While the pandemic has slowed crimes like robberies, homicides have surged in 2020 due to lockdowns and protests over police violence. Data released Monday by the Council on Criminal Justice showed the homicide rate up 30% across 34 major cities surveyed, with some drastically higher.

COVID-19 lockdowns have prevented police and social workers from performing normal preventative policing, heading off violent incidents before they happen by meeting with people in high-risk areas.

The connection between police violence and normal homicides is less clear. A drastic rise right after the death of George Floyd mirrors one in 2016 when similar incidents of police violence came to the forefront.

Richard Rosenfeld, a criminologist with the University of Missouri at St. Louis, told the Washington Post that he suspects it has to do with trust in the justice system being greatly diminished.

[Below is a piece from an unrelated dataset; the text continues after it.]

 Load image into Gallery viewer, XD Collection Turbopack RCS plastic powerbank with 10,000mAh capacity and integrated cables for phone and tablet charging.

“That leads to reducing cooperation with police, which leads to less crime being solved,” he said, “and may be encouraging people to take disputes into their own hands.”

NYPD police officers watch demonstrators in Times Square on June 1 during a Black Lives Matter protest NYPD police officers watch demonstrators in Times Square on June 1 during a Black Lives Matter protest Photo: AFP / TIMOTHY A. CLARY

It’s not an overall rise in crime rates: the same survey found that aggravated assaults rose only slightly. With COVID-19 keeping people at home and store hours limited, robberies, burglaries and larceny actually dropped. 

Thomas Abt, author of “Bleeding Out: The Devastating Consequences of Urban Violence,” told the Post that homicides were uniquely positioned to be exacerbated by the pandemic.

“[Shootings are] driven by a very small number of people in a very small number of places, hot spots,” he said. “Evidence-based strategies [depend] on getting face-to-face with these guys. It’s not just about policing.”

The two factors feed on each other: lockdowns reduce economic prospects and keep people crammed in close proximity in “hot spots” while simultaneously thinning the ranks of police already struggling due to declining trust and having to deal with police violence protests.

“That reduces the kind of proactive policing that the research shows does reduce violence,” said Rosenfeld. “The pandemic has done a number on local police departments.”